1. Aérospatiale industrie
1. PRÉSENTATION
Aérospatiale industrie, industrie de haute technologie ayant pour vocation de concevoir et de construire des avions et des engins spatiaux (satellites, sondes, navettes, stations orbitales, missiles), ainsi que nombre d'équipements dont ils dépendent (les moteurs de ces appareils et les systèmes de guidage électronique, de navigation et de sécurité), et de garantir leur maintenance. Il s'agit d'une des principales branches industrielles intervenant dans la richesse et l'autonomie politique d'un pays moderne.
2. HISTORIQUE
Si
l'expression «industrie aérospatiale» n'a pas été usitée avant la fin des
années 1950, les origines de cette industrie sont beaucoup plus anciennes,
puisqu'elles remontent au début du XXe siècle
avec les premiers avions.
Les
différents conflits armés du XXe siècle
constituèrent des moments importants de la croissance de l'industrie
aéronautique et aérospatiale, et des percées technologiques qui se révélèrent
essentielles furent réalisées justement dans l'urgence des combats.
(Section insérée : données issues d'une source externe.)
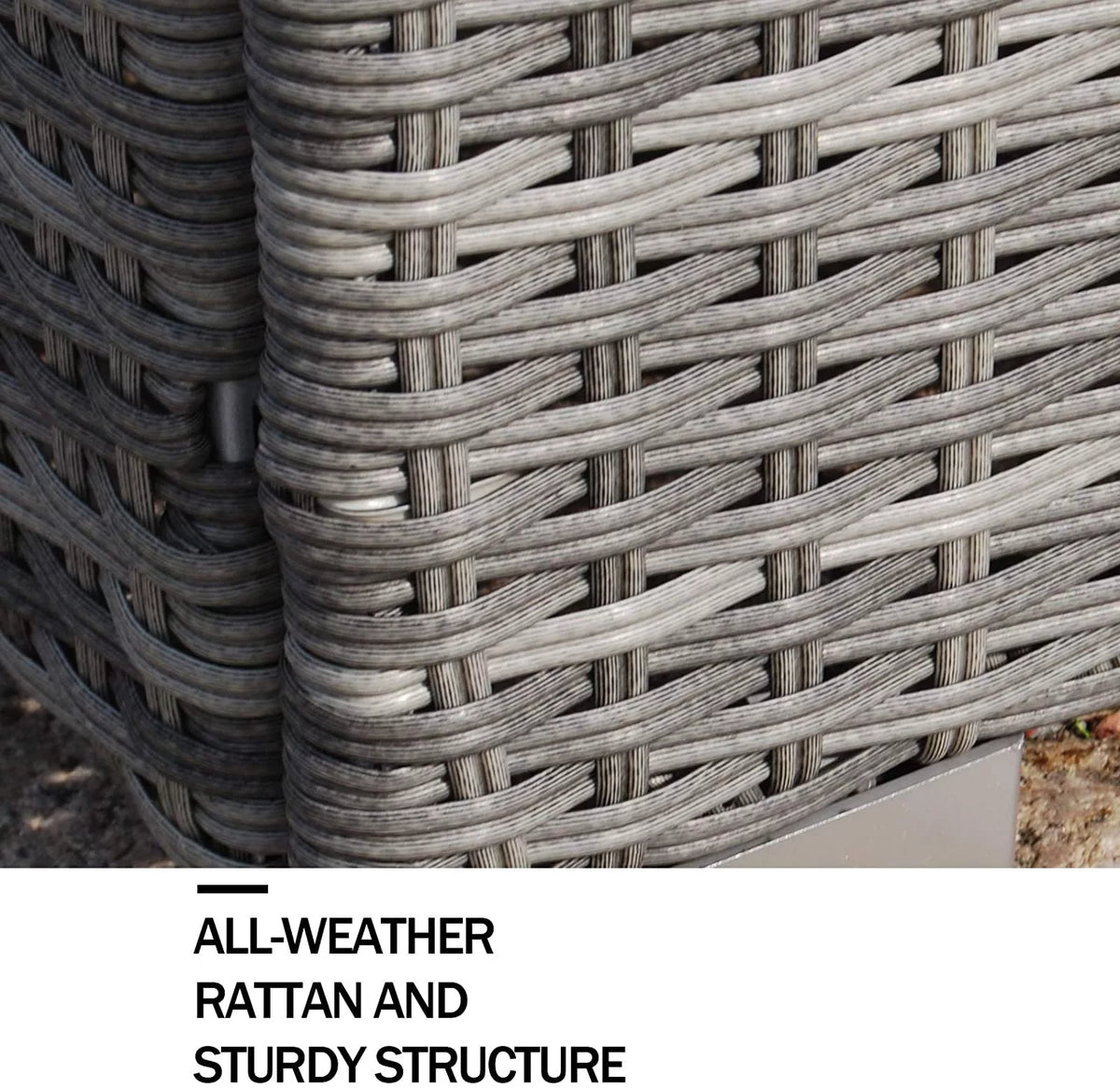 6 Pieces PE Rattan Wicker Outdoor Sofa Conversation Set with Cushions R7281
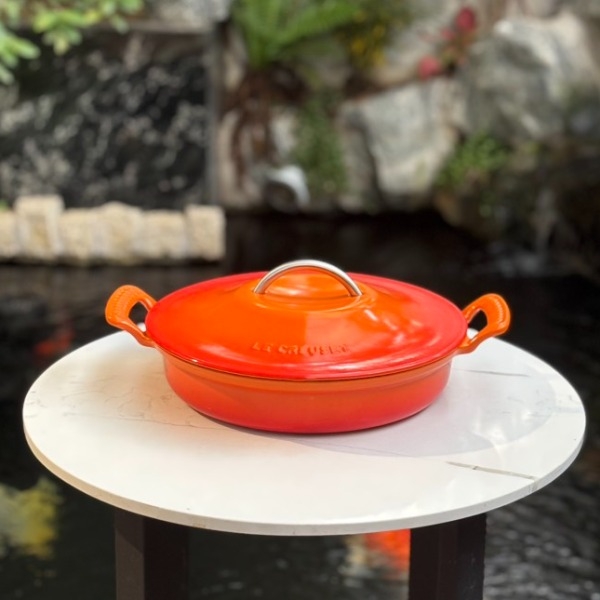 Chảo gang Le Creuset Modern Heritage 28cm 2.9L màu cam (21701 28 090 2430)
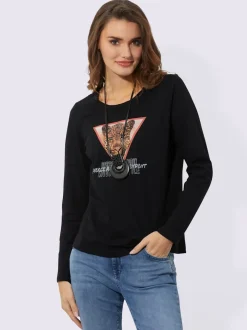 T-shirt à manches longues 100% coton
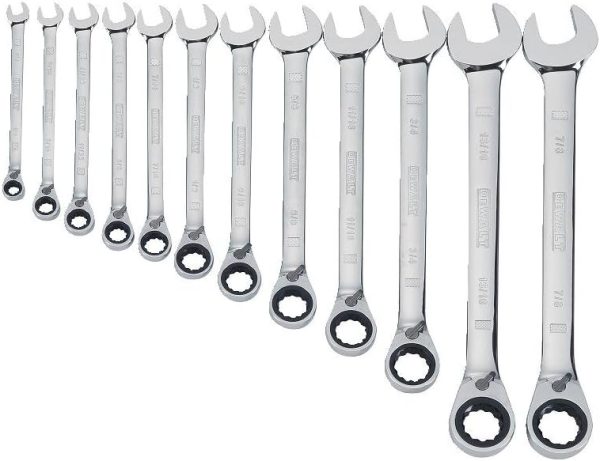 DEWALT Ratcheting Wrench Set, MM, 12-Piece (DWMT19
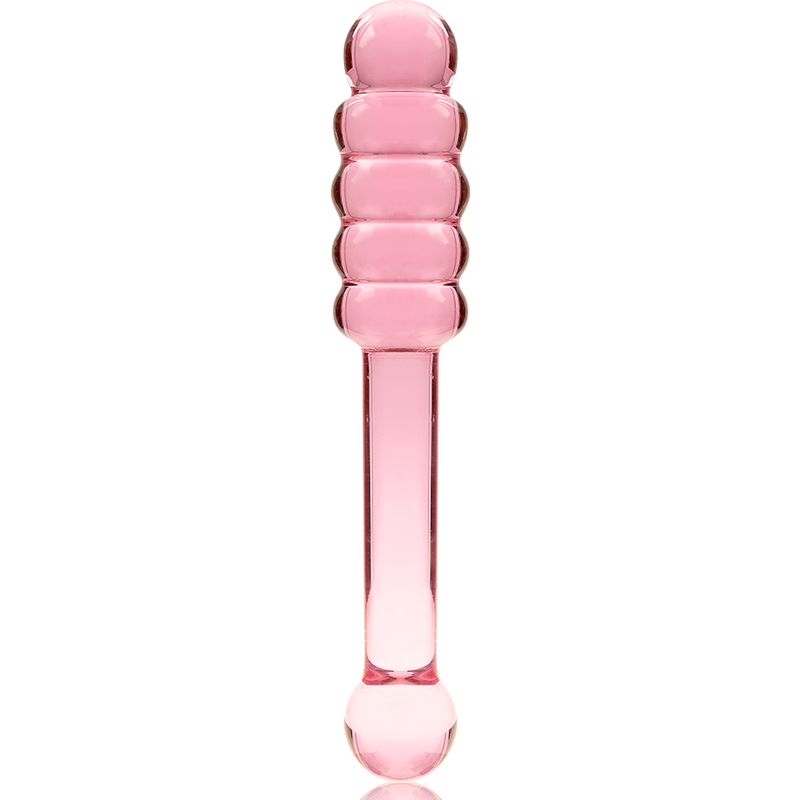 NEBULA SERIES BY IBIZA - MODELO 20 DILDO CRISTAL TRANSPARENTE 20.5 CM -O- 3 CM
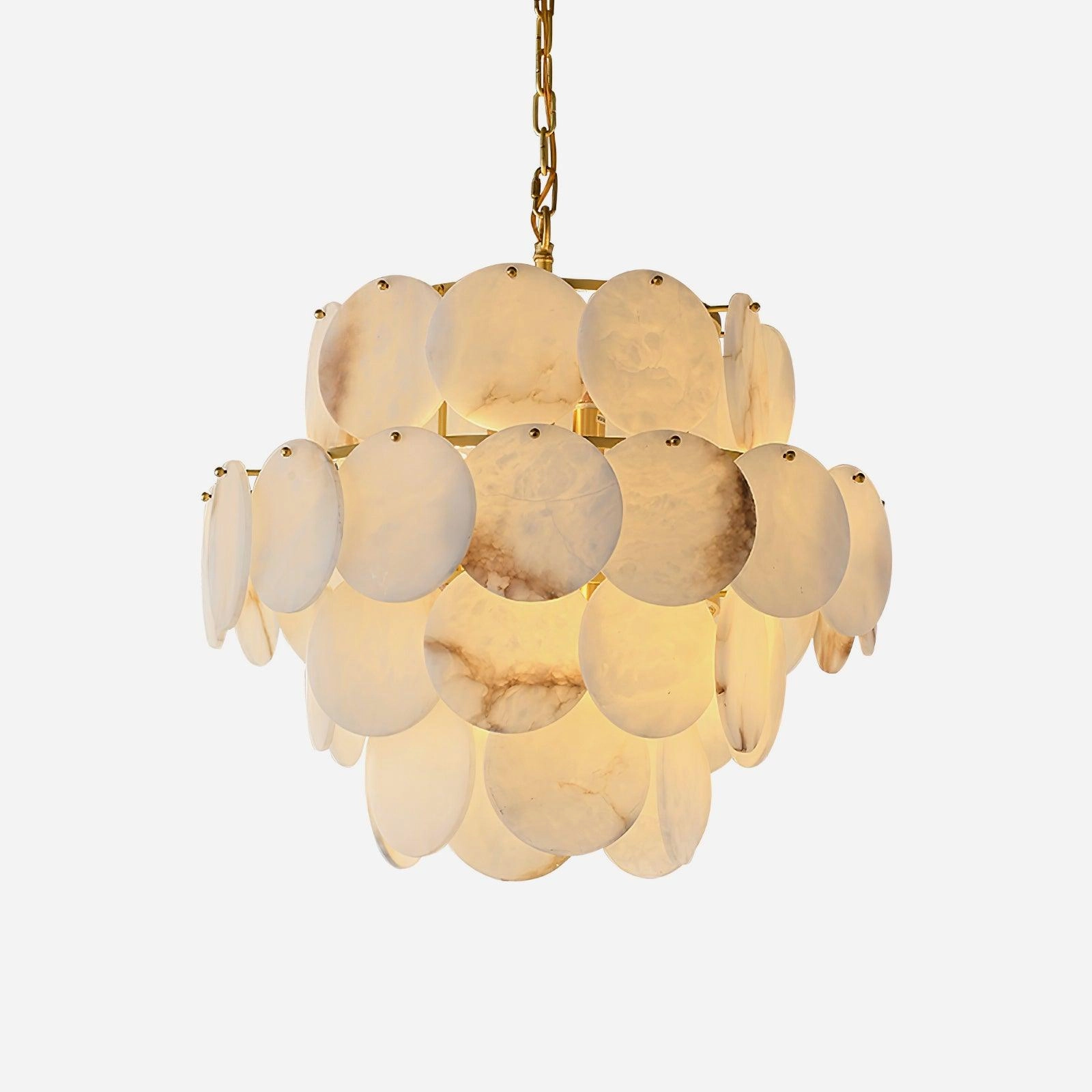 Alabaster Shell Brass Chandelierrustic chandelier,bedroom chandelier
La Seconde
Guerre mondiale constitua pour l'industrie aéronautique de l'Union soviétique,
des États-Unis, de la Grande-Bretagne et de l'Allemagne une période de très
fort développement. Les moteurs à réaction, les moteurs de fusée et les
missiles guidés furent développés en Allemagne, en Grande-Bretagne et aux
États-Unis, mais ce furent les Soviétiques et les Américains qui tirèrent le
plus grand parti de ces inventions pendant la guerre froide et la course
internationale aux armements.
Après
1945, les États-Unis et la Grande-Bretagne se placèrent en tête pour leur production
aéronautique civile, et l'industrie française redémarra, contrairement à celles
de l'Allemagne et du Japon, brimés durant de longues années en raison de
l'issue de la guerre. En 1947, les Américains dépassèrent la vitesse du son en
utilisant des moteurs à réaction. Ce type de motorisation fut rapidement adapté
aux avions de ligne, mais pour des vitesses subsoniques.
La
perspective d'une guerre nucléaire provoqua d'importantes recherches dans le
domaine des missiles balistiques. Des milliers de fusées intercontinentales
furent construites, et de nombreux satellites lancés dans l'espace pour fournir
des renseignements utiles aux militaires, de meilleures communications et des
données météorologiques à l'échelle de la planète. La dimension civile de cette
recherche déboucha sur la conquête de l'espace. Après le premier vol habité du
Soviétique Gagarine en 1961, les Américains s'efforcèrent de reprendre
l'avantage en ce domaine. Ils y parvinrent en 1969 avec le premier pas d'un
homme sur la Lune (mission Apollo XI). Voir Espace, exploration de
l'.
Malgré la détente est-ouest, la coopération dans le
domaine militaire, freinée notamment par les réductions de crédits, est
difficile à réaliser. Un exemple éclairant nous en a été donné lors du développement
des systèmes furtifs. Depuis les années 1980, l'Europe, sous l'impulsion de la
France, a repris une place internationale significative avec le programme de
lanceurs civils Ariane.
3. ENTREPRISES
En
France, pays à l'avant-garde depuis les débuts de l'aviation dans les domaines
aussi bien militaire que civil, les grands groupes du secteur et notamment
l'Aérospatiale sont issus de la fusion d'entreprises antérieures aux années
1930. Dassault, sous le nom de Bloch, produisait des appareils dès l'entre-deux-guerres.
Plusieurs
des plus importantes compagnies aérospatiales américaines, telles que Boeing,
Bell, Martin et Douglas, doivent leur nom à des constructeurs d'avions de la période
de la Première Guerre mondiale. D'autres firmes importantes, comme Lockheed,
Northrop, Pratt and Whitney, Grumman, Vought, Sikorsky et McDonnell, sont
apparues pour la première fois dans les années 1920 et 1930.
La
France a mis longtemps à acquérir la capacité commerciale qui lui faisait
défaut face à son concurrent américain, ce qui l'a amenée à constituer des
partenariats bipartites dans un premier temps, dont les principaux conduisirent
à la conception du Concorde et de l'ATR, pour arriver à la constitution de
partenariats multipartites, avec notamment Airbus et Ariane.
Le
consortium européen Airbus est un groupement d'intérêt économique (GIE)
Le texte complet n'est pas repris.